_Problem description_
When copying the listing below, skip every picture and keep each word as it stands.
──────── Recorded information ────────
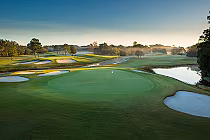 Scenic view of a golf course with a green, sand bunkers, water hazards, trees, and a sunrise or sunset sky.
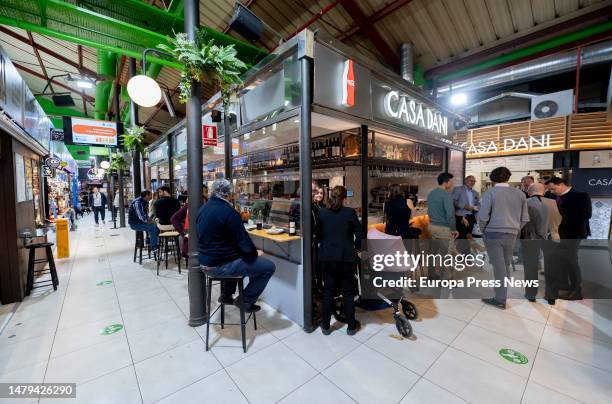 People eat at Casa Dani restaurant in Mercado de La Paz, on April 3 in Madrid, Spain. The Madrid restaurant Casa Dani, known for its iconic potato...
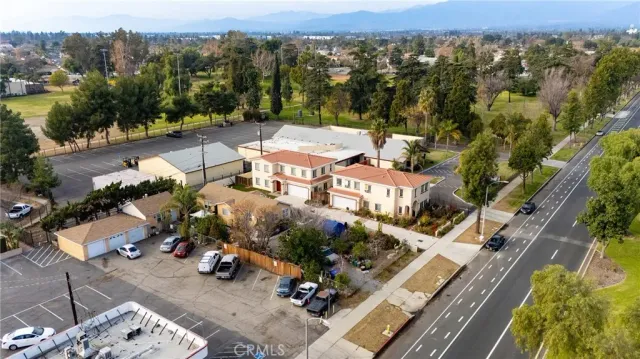 an aerial view of a house with a garden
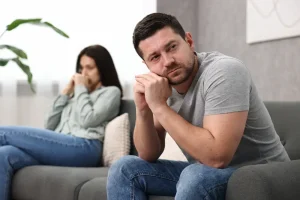 Worried couple sitting apart on a couch, with a thoughtful man leaning forward while his distressed partner sits in the background, showing emotional distance and relationship tension.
────────
_Response to the task_
 Scenic view of a golf course with a green, sand bunkers, water hazards, trees, and a sunrise or sunset sky.
 People eat at Casa Dani restaurant in Mercado de La Paz, on April 3 in Madrid, Spain. The Madrid restaurant Casa Dani, known for its iconic potato...
 an aerial view of a house with a garden
 Worried couple sitting apart on a couch, with a thoughtful man leaning forward while his distressed partner sits in the background, showing emotional distance and relationship tension.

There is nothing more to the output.